Jan. 23, 2012, 10:22pm

It's good that you had the opportunity to read it, and maybe through swapping it can find a new home with someone who loved it as much as Linda did.

I did really enjoy The Tiger's Wife though I thought there were even better books on the shortlist and longlist. The Memory of Love was the best of the listed books I read, I think - I also loved Swamplandia!, The Invisible Bridge and Lyrics Alley and I loved the international flavour of last year's list, I hope this year is as interesting.

Jan. 26, 2012, 3:51am

I am halfway through this one and am loving it. I really like Obreht's descriptive writing. Since I've not yet finished the book, I've not read the reviews above but am hoping that everyone loved it as much as I am.

Mai 19, 2012, 3:37am

I loved this one!! Ranks in the top 4 or so of Orange winners that I've read.

My review:

Sidenote: Those paperback prices in Australia are insane!

Okt. 10, 2013, 6:00pm

Obviously I'm late to the conversation, but I just wanted to say that I loved this book. It hits all the points I crave from a good read--a cultural backstory, engaging characters, and a little bit of whimsy. I will agree, though, with the point made above that Natalia was a bit weak. I seem to never like it when authors write the main character as a doctor. Secret Daughter is a case in point.
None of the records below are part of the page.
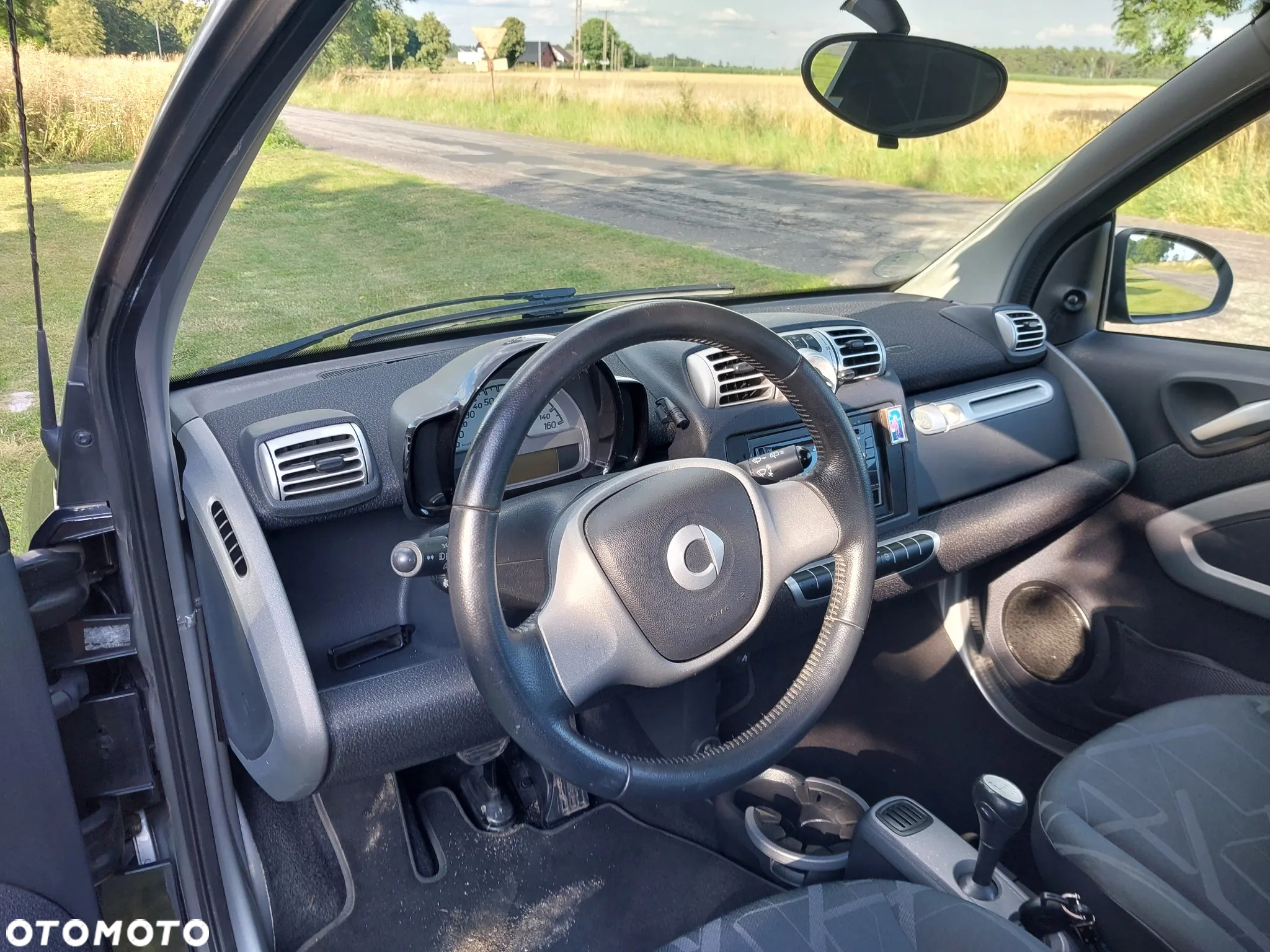 Smart Fortwo - 7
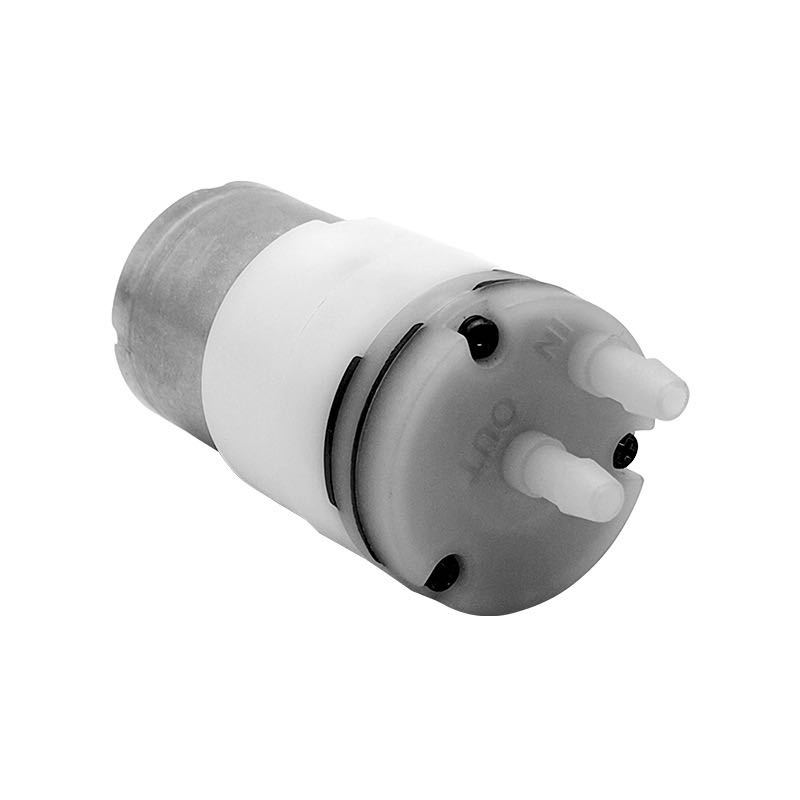 USB充电吸尘器微型气泵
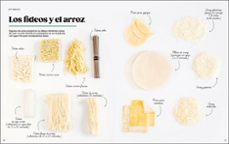 curso de cocina: recetas asiáticas-orathay soukssisavanh-9780241753446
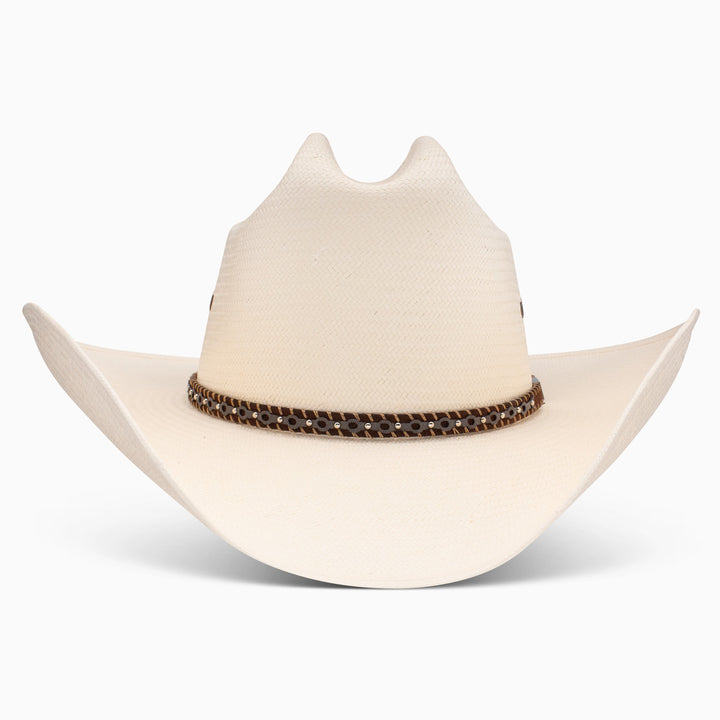 10X El Rey - RESISTOL Cowboy Hats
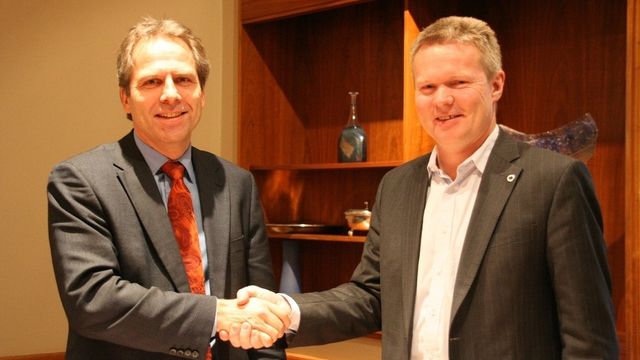 Overtar i Edda Media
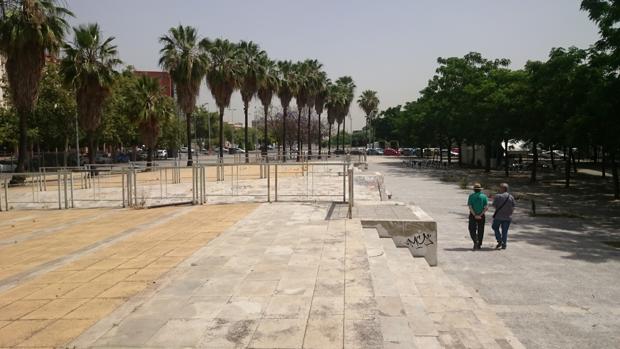 «Cáritas atiende a 140 familias en San Benito y cada semana se suma una más»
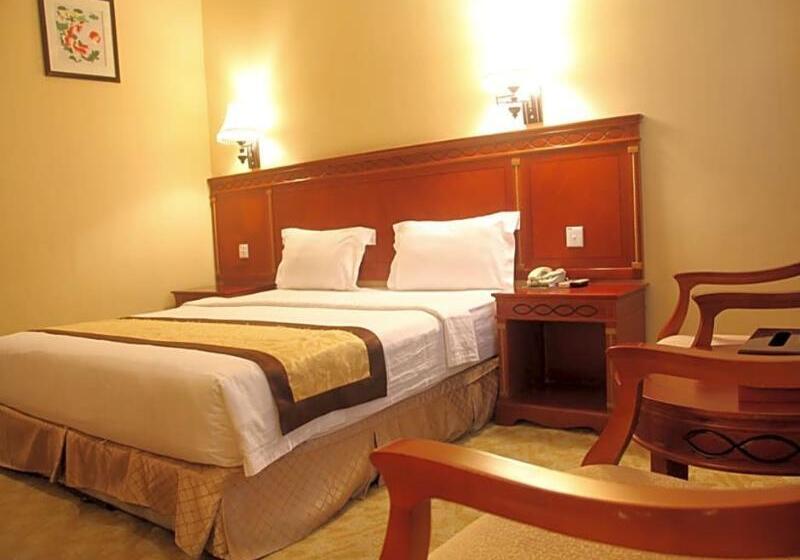 בית מלון כפרי Mb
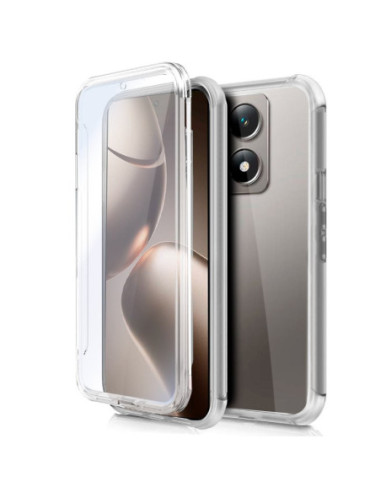 Funda gel TPU 3D Xiaomi 14T Pro...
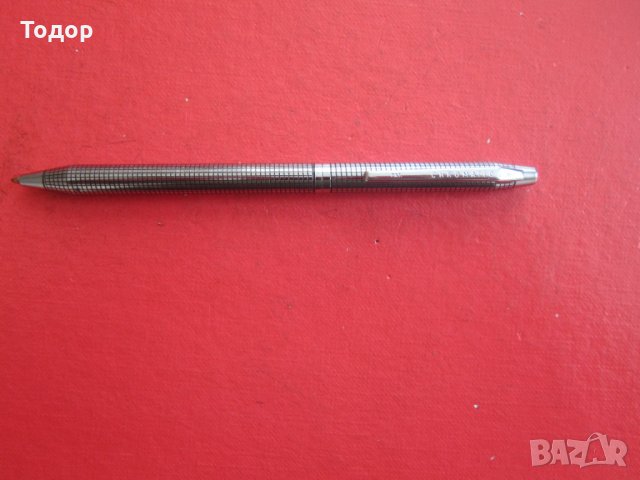 Страхотен двуцветен химикал химикалка  Хроматик, снимка 6 - Ученически пособия, канцеларски материали - 35751194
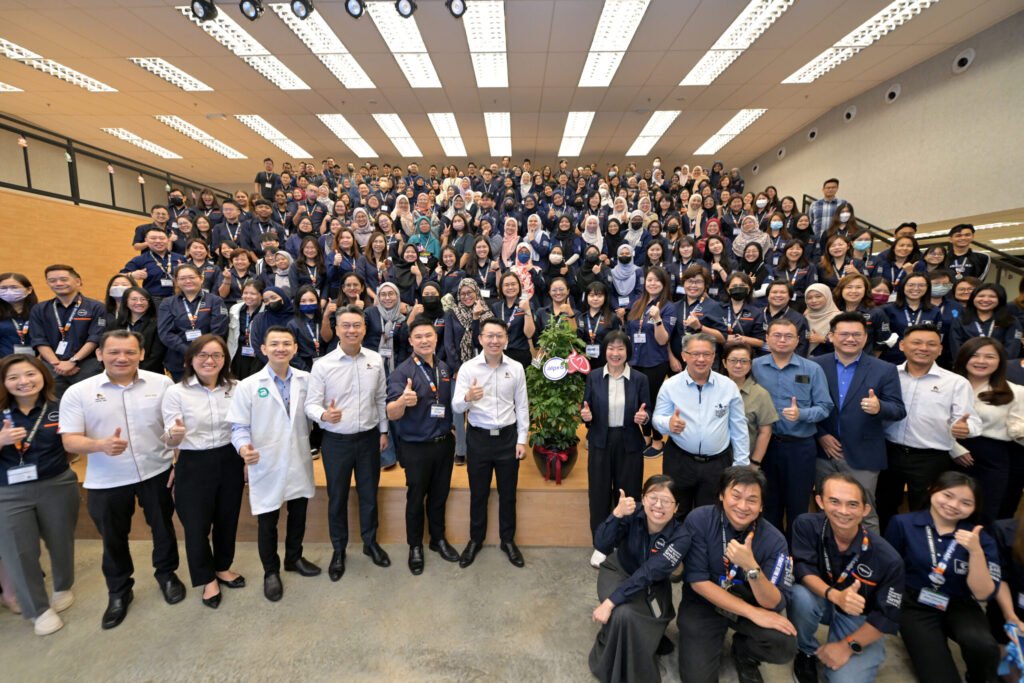 芙蓉专业护理中心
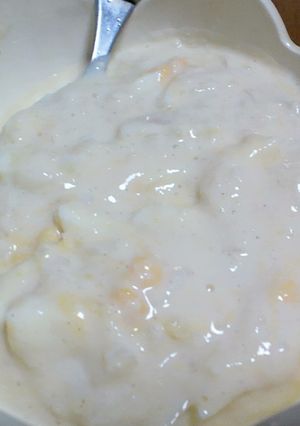 簡単ヘルシー 豆腐タルタルソース-レシピのメイン写真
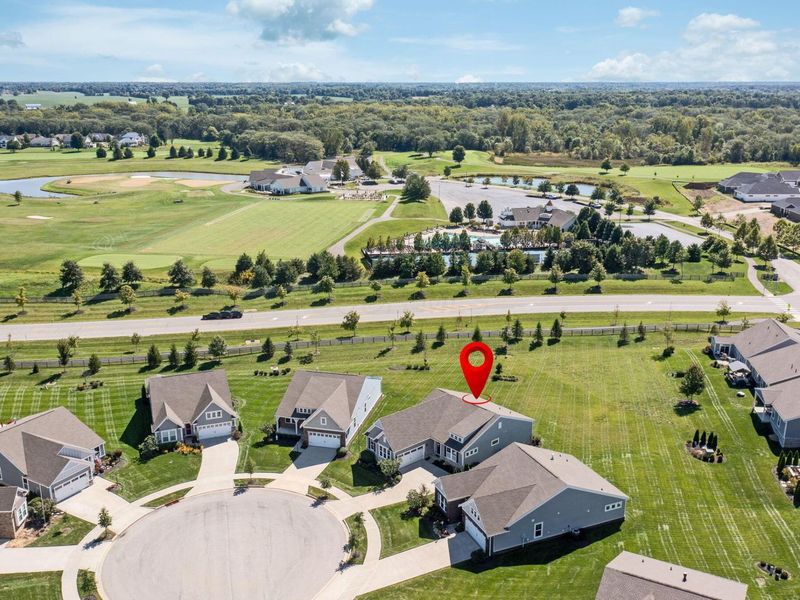 8734 Greenburst Court, Sunbury, OH 43074 Photo 52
I'm curious what anyone has to say about Blood Letting and Other Miraculous Cures. I've read raves, but I'm still a little skeptical. (Sorry for diverging).

My favourite bits of this book were the stories about the deathless man. He pretty much pulled me along, as this novel was one that took a while for me to get into. I like the way it comes together in the end. Definitely worth the read.